# Description of the task
Leaving out the pictures, retype the lines from the beginning of the listing through the line containing "Framed View Of".
###
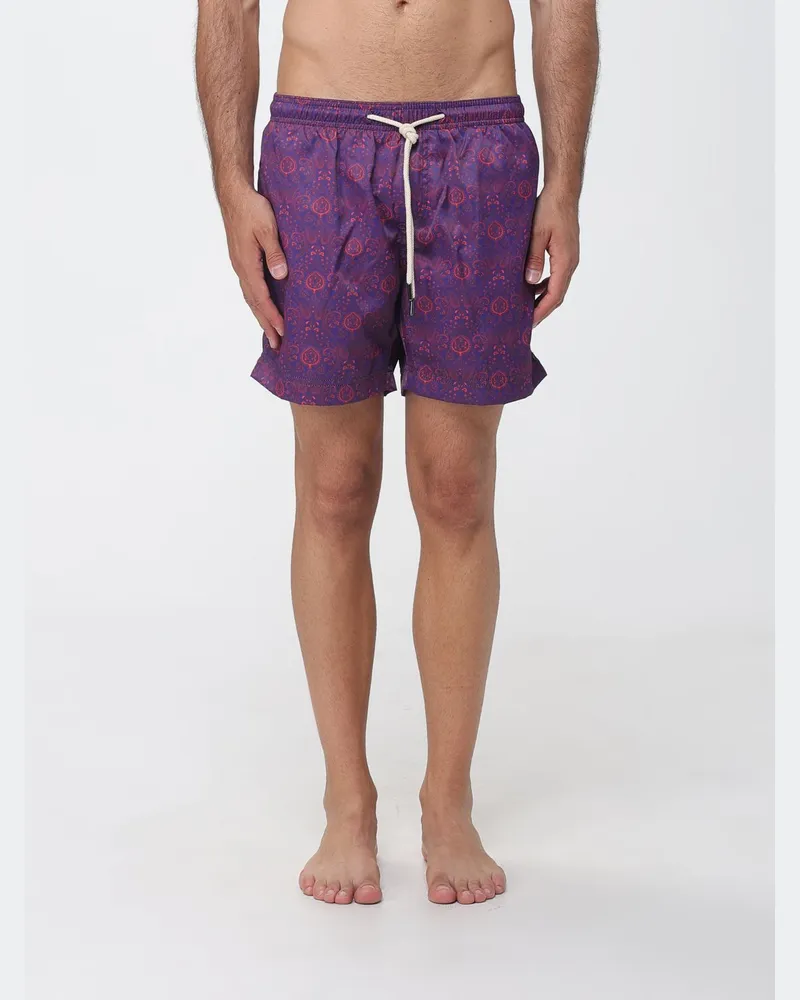 PENINSULA Kurze Badeshorts mit ethnischem Muster und Kordelzug Blau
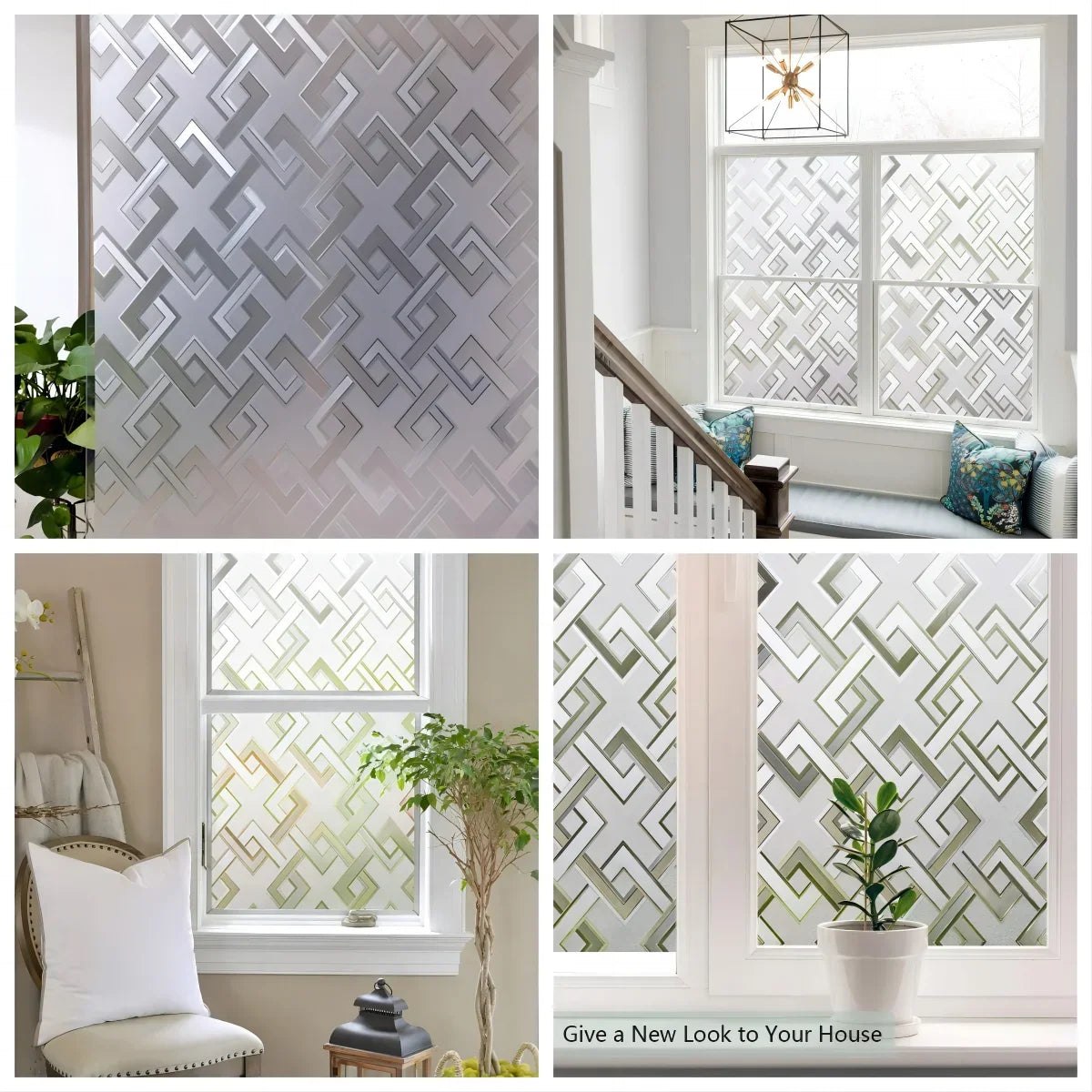 Window Privacy Film Frosted Glass Window Film Static Cling UV Blocking Removable Window Clings Opaque Window Stickers for Home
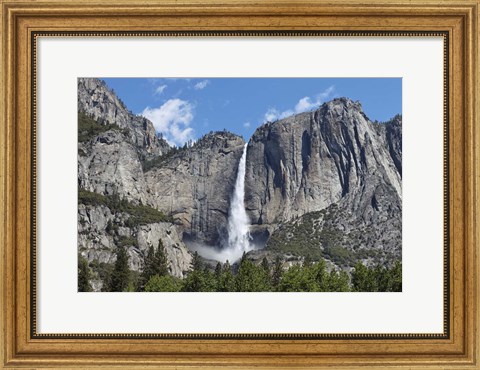 Framed View Of Yosemite Falls In Spring, Yosemite National Park, California Print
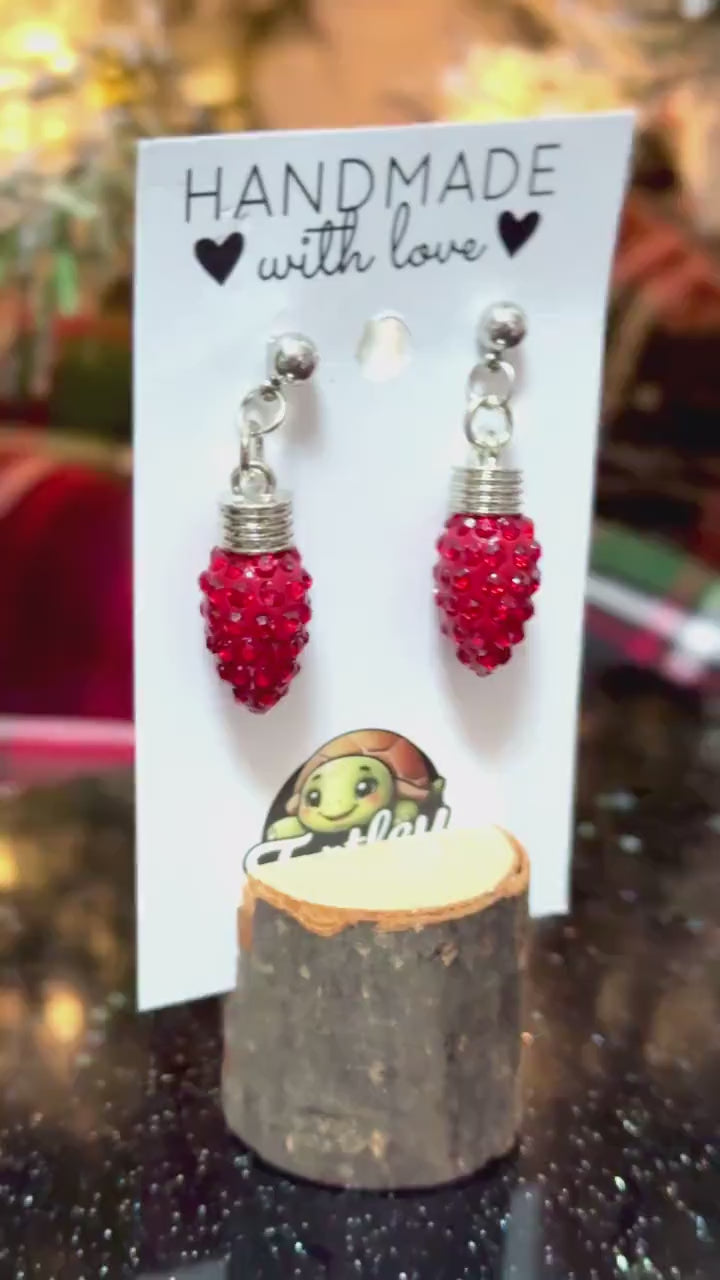 Sparkly Red Light Bulb Earrings - Rhinestone Gem Dangle Earrings, Festive Holiday Jewelry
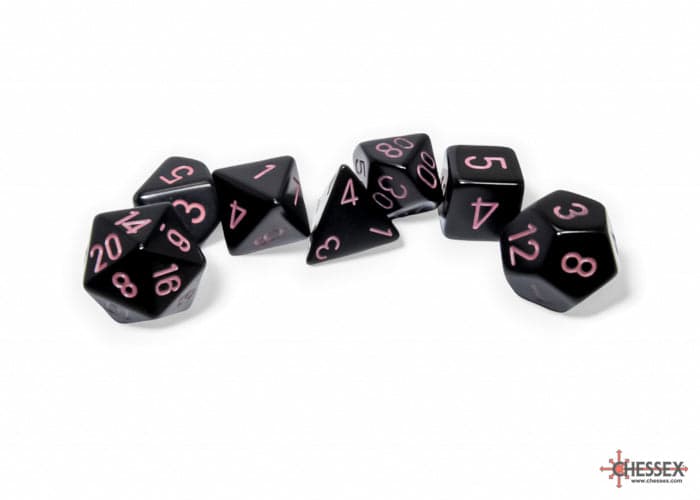 Chessex | Polyhedral Dice Set | Opaque | Black/Pink (CHX25448)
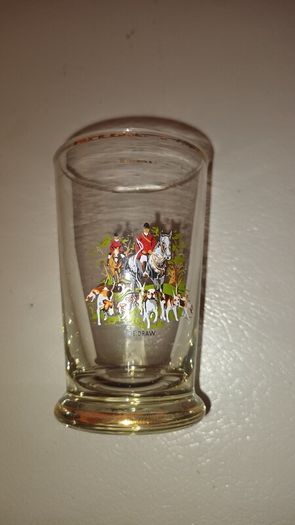 fox hunting shot glass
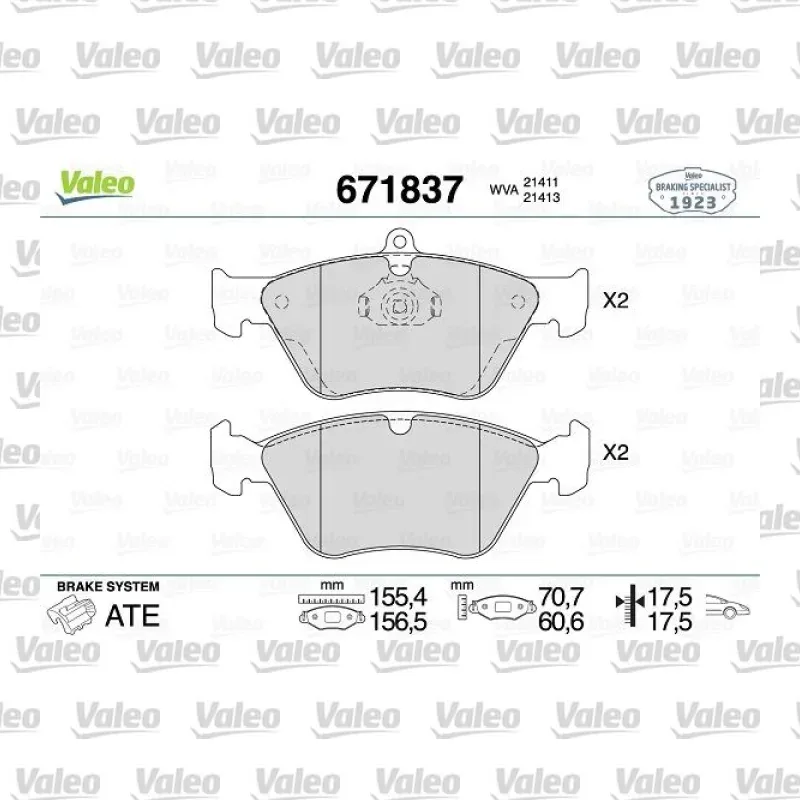 Opel Vectra 2.5 V6 Ön Fren Balatası – VALEO 671837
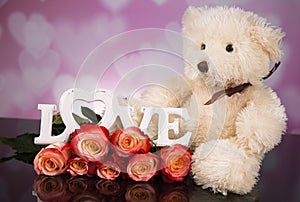 A bouquet of haber roses and a teddy bear mascot. Valentine`s Day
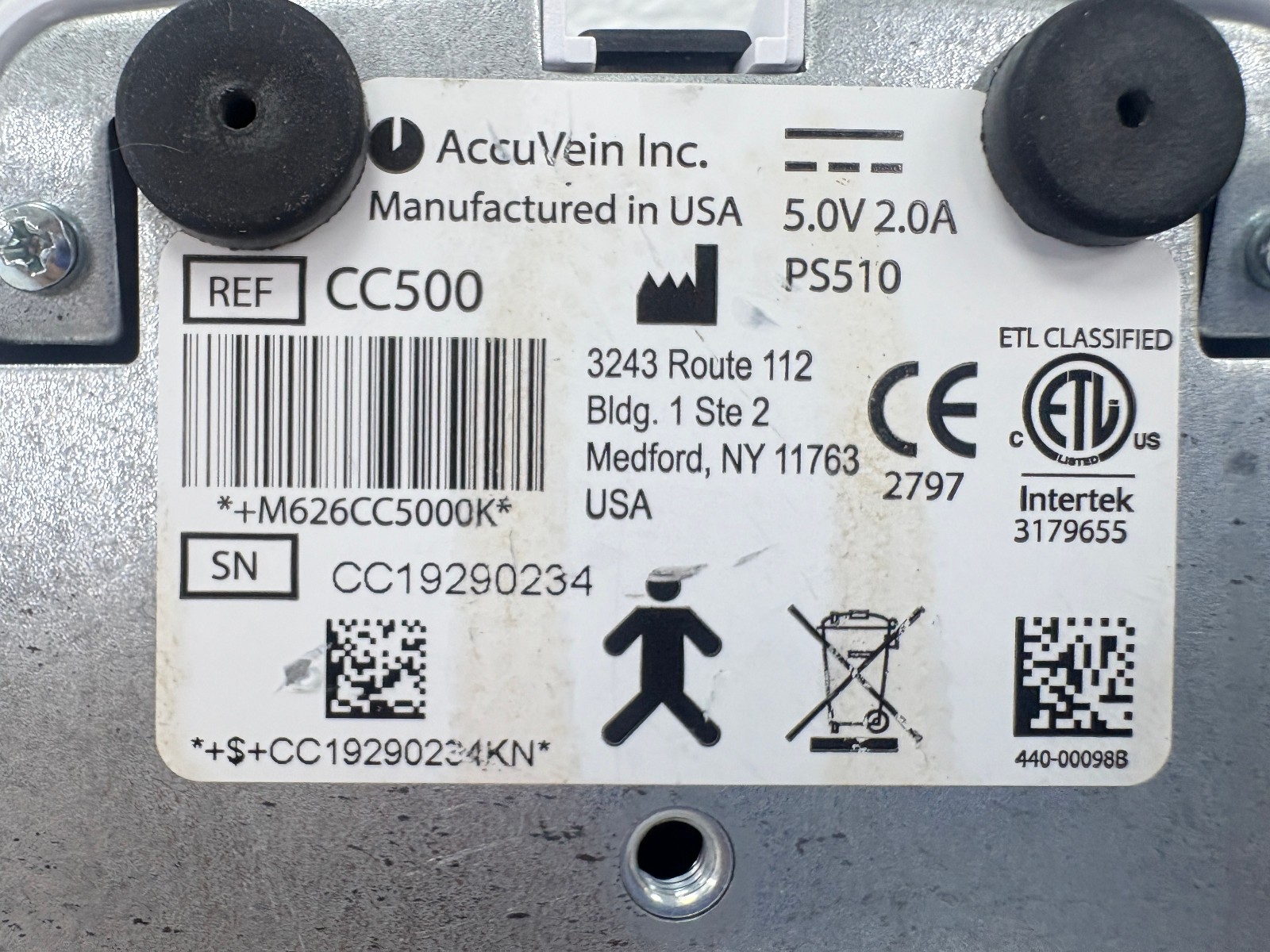 PRE OWNED | AccuVein CC500 Charging Cradle for AccuVein AV500 w/ Power Adapter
###
# Task solution
 PENINSULA Kurze Badeshorts mit ethnischem Muster und Kordelzug Blau
 Window Privacy Film Frosted Glass Window Film Static Cling UV Blocking Removable Window Clings Opaque Window Stickers for Home
 Framed View Of Yosemite Falls In Spring, Yosemite National Park, California Print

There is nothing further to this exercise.